Metadata-Version: 2.2
Name: capablanca
Version: 1.7
Summary: Estimating the Minimum Vertex Cover with an approximation factor smaller than √2 for an undirected graph encoded as a Boolean adjacency matrix stored in a file.
Home-page: https://github.com/frankvegadelgado/capablanca
Author: Frank Vega
Author-email: vega.frank@gmail.com
License: MIT License
Project-URL: Source Code, https://github.com/frankvegadelgado/capablanca
Project-URL: Documentation Research, https://www.researchgate.net/publication/388420196_The_Minimum_Vertex_Cover_Problem
Classifier: Topic :: Scientific/Engineering
Classifier: Topic :: Software Development
Classifier: Development Status :: 5 - Production/Stable
Classifier: License :: OSI Approved :: MIT License
Classifier: Programming Language :: Python :: 3.10
Classifier: Environment :: Console
Classifier: Intended Audience :: Developers
Classifier: Intended Audience :: Education
Classifier: Intended Audience :: Information Technology
Classifier: Intended Audience :: Science/Research
Classifier: Natural Language :: English
Requires-Python: >=3.10
Description-Content-Type: text/markdown
License-File: LICENSE
Requires-Dist: numpy>=2.2.1
Requires-Dist: scipy>=1.15.0
Requires-Dist: networkx[default]>=3.4.2
Dynamic: author
Dynamic: author-email
Dynamic: classifier
Dynamic: description
Dynamic: description-content-type
Dynamic: home-page
Dynamic: license
Dynamic: project-url
Dynamic: requires-dist
Dynamic: requires-python
Dynamic: summary

# Capablanca: Minimum Vertex Cover Solver

![Honoring the Memory of Jose Raul Capablanca (Third World Chess Champion from 1921 to 1927)](docs/capablanca.jpg)

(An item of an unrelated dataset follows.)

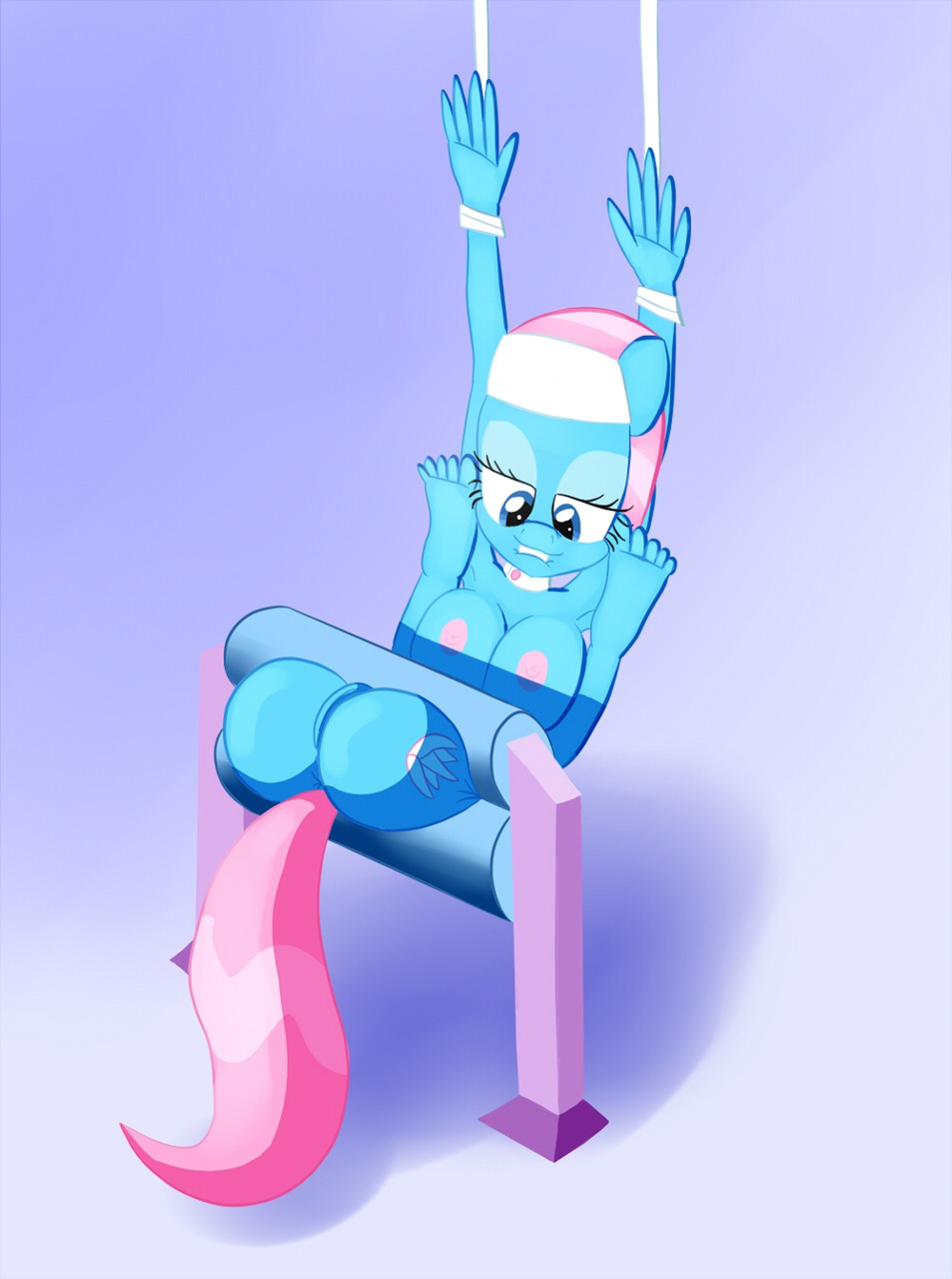 anthro anthrofied breasts e621 equid equine female flattened friendship_is_magic genitals hasbro hi_res horse lotus_(mlp) malleable_body mammal my_little_pony noctulov pony solo squeezing vulva what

This work builds upon [The Minimum Vertex Cover Problem](https://www.researchgate.net/publication/388420196_The_Minimum_Vertex_Cover_Problem).

---

# The Minimum Vertex Cover Problem

The Minimum Vertex Cover (MVC) problem is a classic optimization problem in computer science and graph theory. It deals with finding the smallest set of vertices in a graph that `covers` all the edges. This means that for every edge in the graph, at least one of its endpoints must be in the chosen set of vertices.

## Formal Definition

Given an undirected graph $G = (V, E)$, where $V$ is the set of vertices and $E$ is the set of edges, a vertex cover is a subset $V' \subseteq V$ such that for every edge $(u, v) \in E$, at least one of the vertices $u$ or $v$ belongs to $V'$. The Minimum Vertex Cover problem aims to find a vertex cover $V'$ with the smallest possible cardinality (i.e., the fewest number of vertices).

## Importance and Applications

The Minimum Vertex Cover problem is important for several reasons:

- **Theoretical Significance:** It is a well-studied NP-hard problem, meaning that no known algorithm can solve it optimally for all instances in polynomial time. This makes it a crucial problem in complexity theory.
- **Practical Applications:** It has applications in various fields, including:
  - **Network security:** Finding critical nodes in a network that, if compromised, would disrupt connections.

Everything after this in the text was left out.